Listen out for any rattles that point towards loose cam bolts or, on the VVC engine, an expensive failure of the variable valve control camshaft. Coil packs on pre-facelift Fs can suffer from water leaking on to them from the boot lid, so make sure the engine is firing smoothly.
Otherwise, the K-Series engine is very solid so long as the cam belt is replaced every 60,000 miles. As for the gearbox, the five-speed manual is trouble-free. While in this general region of the car, check the clutch and handbrake cables are both working properly as they need careful adjustment to function correctly.
Next stop on your checklist is the Hydragas suspension. The nitrogen gas in the spheres leaks out over time, leading to a stiff ride quality and, in some cases, the car sitting low to the ground. The distance between the wheel centre and arch lip should be around 35cm on cars in good health. New spheres that can be re-gassed are the best solution, along with new rubber seals. It’s also wise to budget for new suspension bushes all round and new upper ball joints unless there are receipts to show this work has been completed recently.
The MGF is very is sensitive to what rubber is used, as well as matching rubber on the front and rear axles, as the normally stable handling can be quite badly affected by poor tyres or mismatched rubber. If the car you’re inspecting is wearing worn no-name tyres, it’s a cue first to knock some money off the price, and then to budget for a proper high-end brand.
When checking the suspension, make sure the front and rear subframes are not seriously corroded.
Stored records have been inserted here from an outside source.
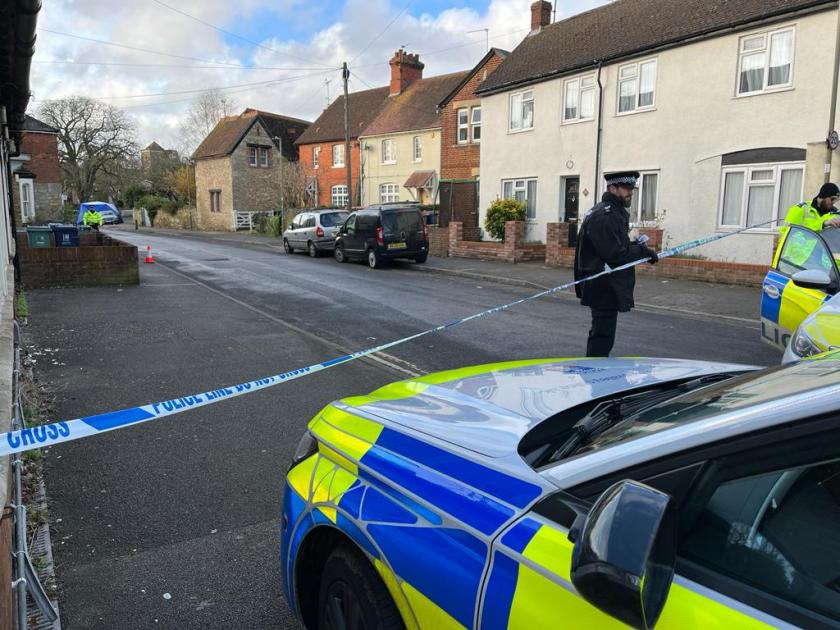 Oxford: Three more arrests after Littlemore double stabbing 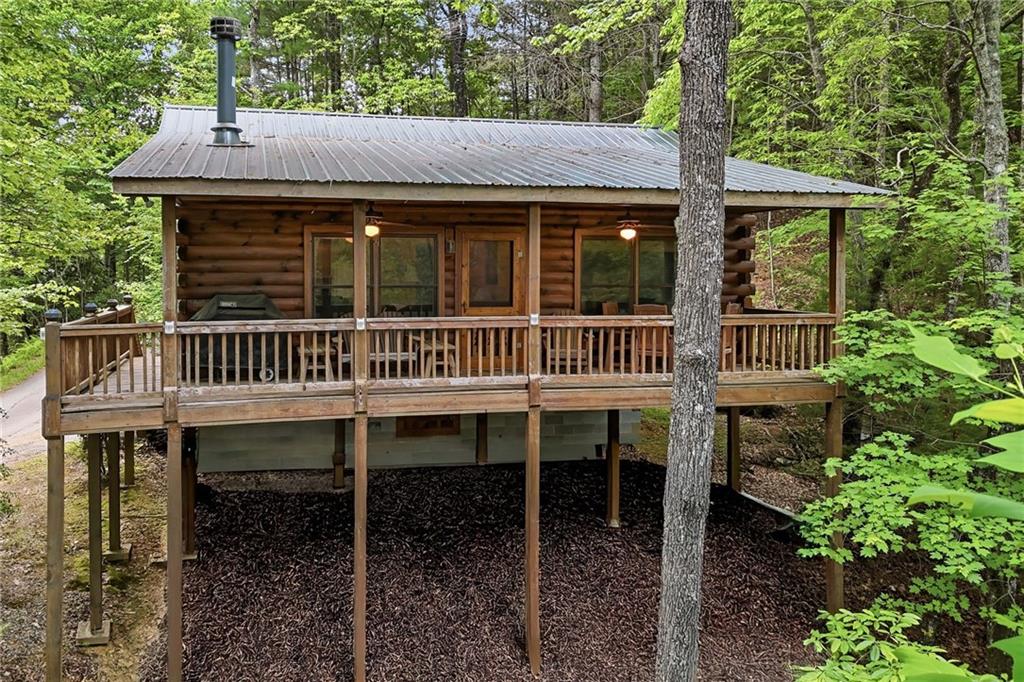 156 Dupont Drive Property Photo 1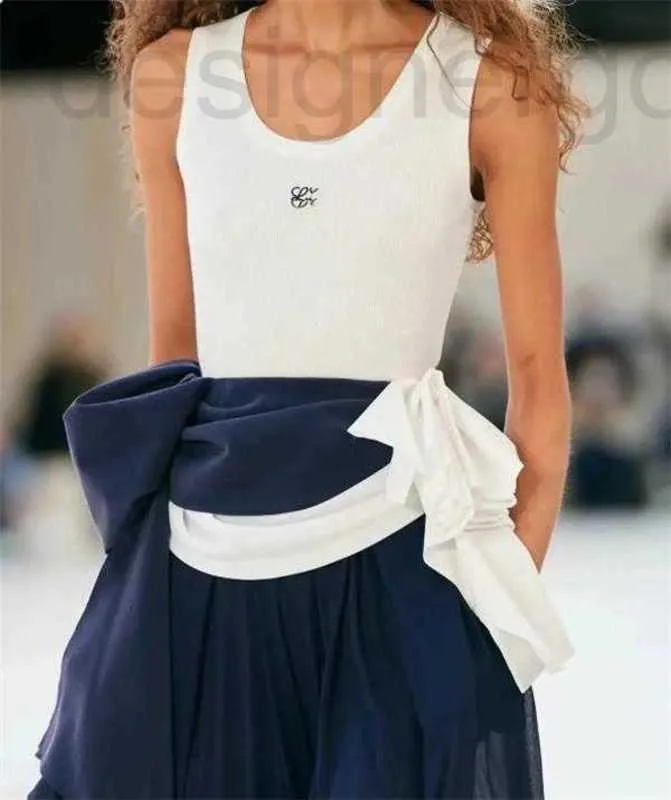 Kvinnors t-shirt designer designer anagram-embroidered bomullsblandning shorts kjolar yoga kostym två bit klänning bh väst damer solid vintage t shirt femme 8j5r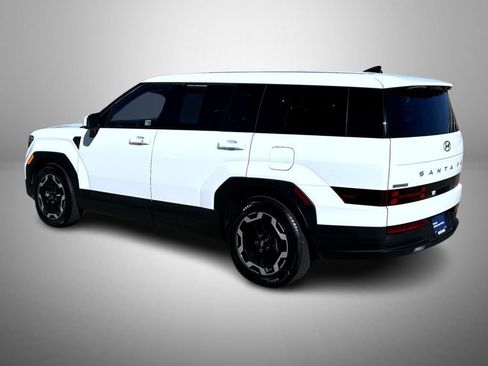 Used 2025 Hyundai Santa Fe SE image 8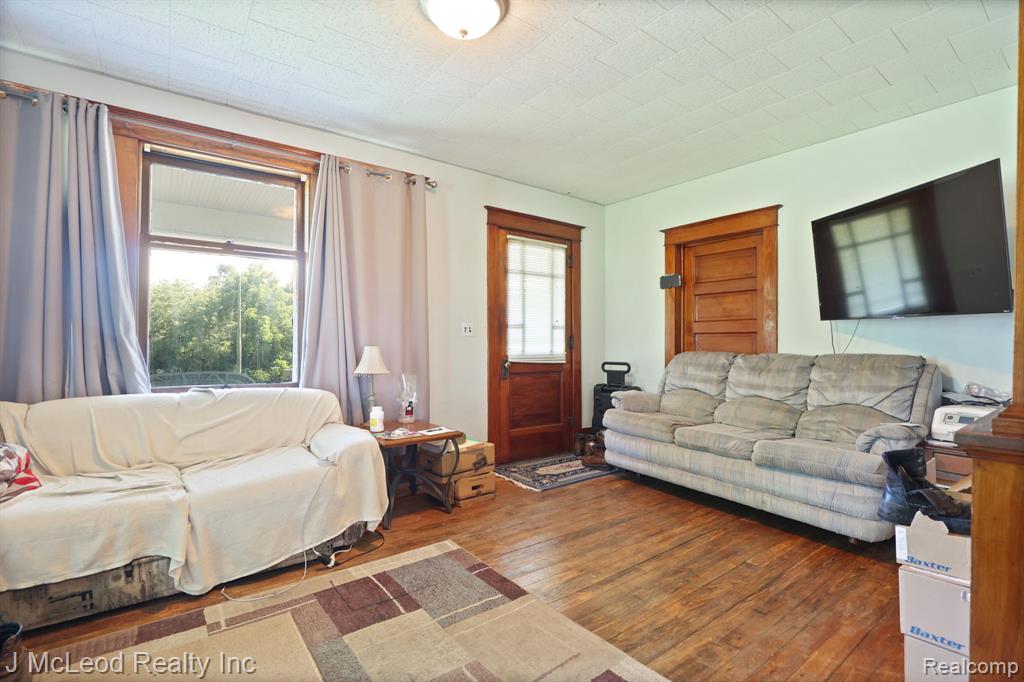 9050 Van Cleve Road Vassar, MI 48768 - Photo 7 of 57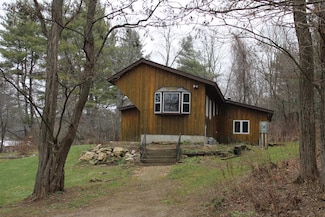 634 Stevens Rd, Pittsford, VT 05763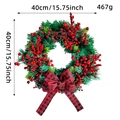 Detalle de corona navideña de 40cm con bayas rojas, pinos y lazo de cuadros rojos - Guirnalda de Navidad Con Lazo de Cuadros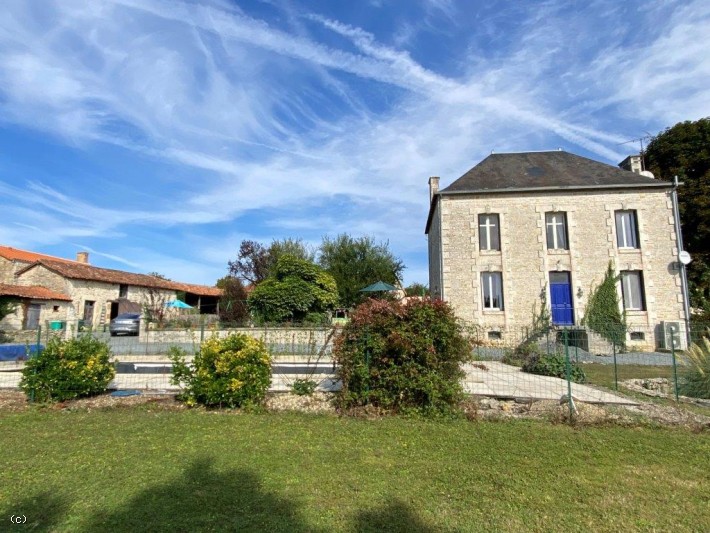 Countryside Maison de Maitre / Manor House with Pool - Near Civray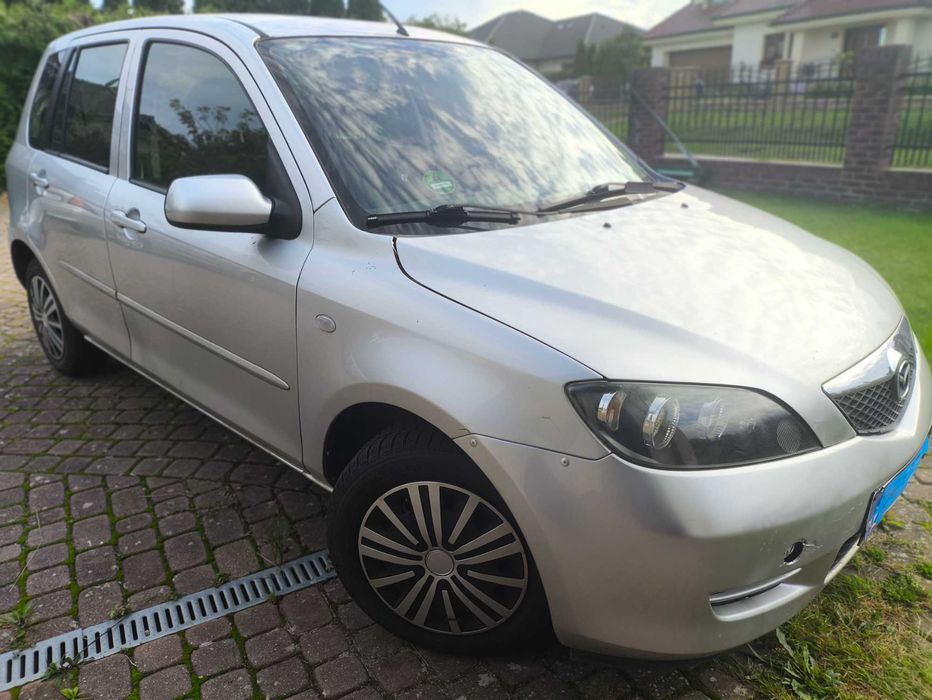 Mazda 2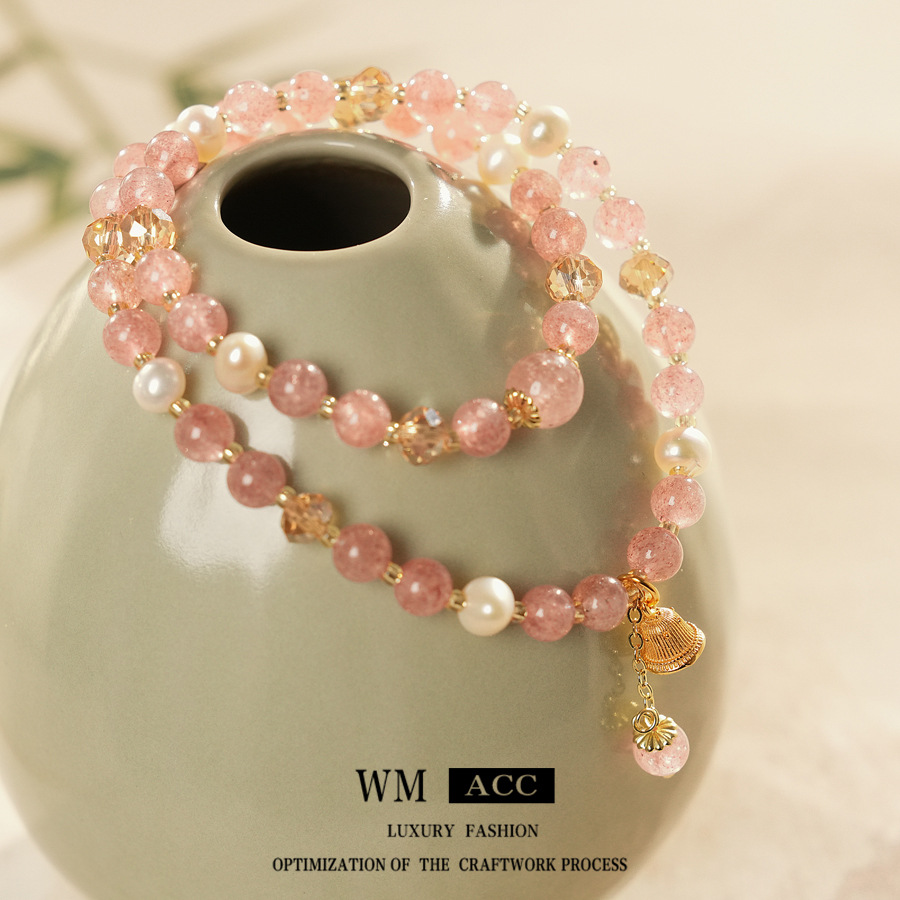 Pulsera de perlas de agua dulce con cristales artificiales de fresa, nueva pulsera de cuentas dulce y versátil de estilo chino, sensación de lujo ligero y de alta gama, joyería para mujer.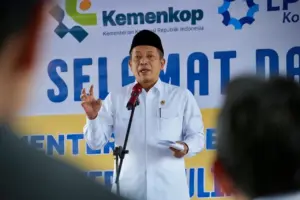 Menteri Koperasi Pastikan Dukungan Penuh untuk KPBS Pangalengan Produksi Susu UHT dan Masuk Ekosistem MBG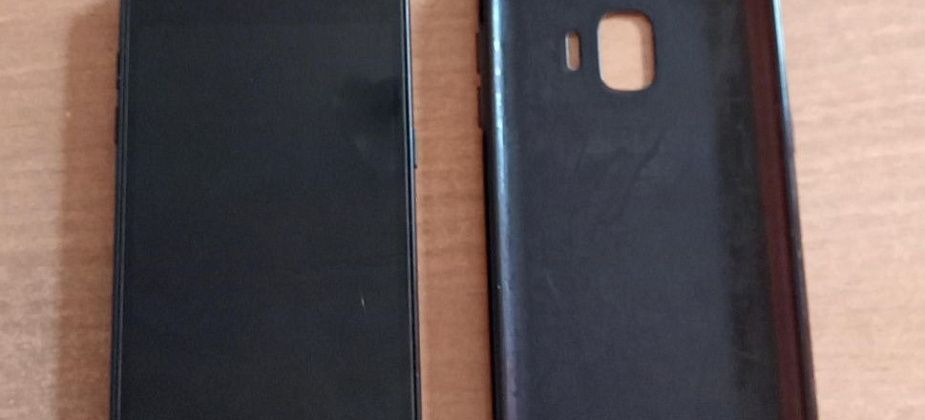 Прохожий попросил у серовчанина телефон, чтобы сделать звонок, и убежал с аппаратом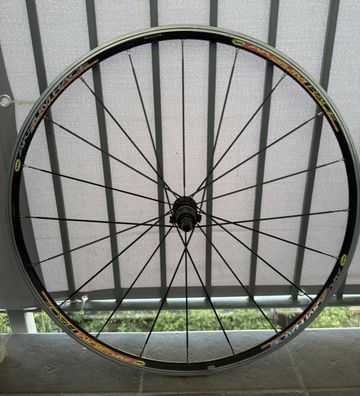 Brugt Mavic Aksium Race Wheels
It also pays to go over the entire body looking for rust, which commonly takes hold around the wheel arches and the side air intakes. MGFs also rust along the sills, especially where this structural beam meets the rear wing as there’s a drain hole here that can become blocked with silt and dirt. As for the hood, its condition should be obvious and a new replacement hood with heated glass rear screen will cost around £650 plus fitting.
Have a look for signs inside the MG for any water damage from a leaking roof. The interior trim and plastics are generally hard wearing, though the seat piping is prone to fraying and hanging loose and the cabin can start to look a bit shabby on high-mileage cars. With so many MGFs out there, it should at least be easy enough to find replacement trim.
On the test drive, listen for a rattle from the main instrument binnacle cover, which points to broken mounts. An original replacement means removing the entire dash, but there’s an aftermarket kit that’s easy to fit available through the MGF Register.
Which is the right MGF for you?
For most drivers, the MGF with the 1.6-litre engine or the 1.8 with CVT (continuously variable transmission) automatic gearbox will feel a bit too sluggish for a sports car. They still handle just fine, but when you can have the standard 1.8 with 118bhp and five-speed manual that feels so much peppier, it’s worth looking for this model.
MGF 1.8 VVCs are thinner on the ground and prices are a bit higher as a result, but it’s the model to have if you enjoy driving on the sorts of roads where a sports car excels. With 0-60mph in 7.0 seconds, the VVC with its 143bhp is a great trade-off between performance and easily affordable running costs as it can also manage 36mpg.
For those who want the most powerful version of the MGF, the Trophy 160 is the car to aim for. However, the Trophy’s 0-60mph time of 6.9 seconds is barely quicker than the standard VVC’s and you’ll pay significantly more for this special edition than the 143bhp VVC. As for the various special editions, they are worth having if you want something a bit different and with some added extras, but don’t pay any extra for them over a sound standard model.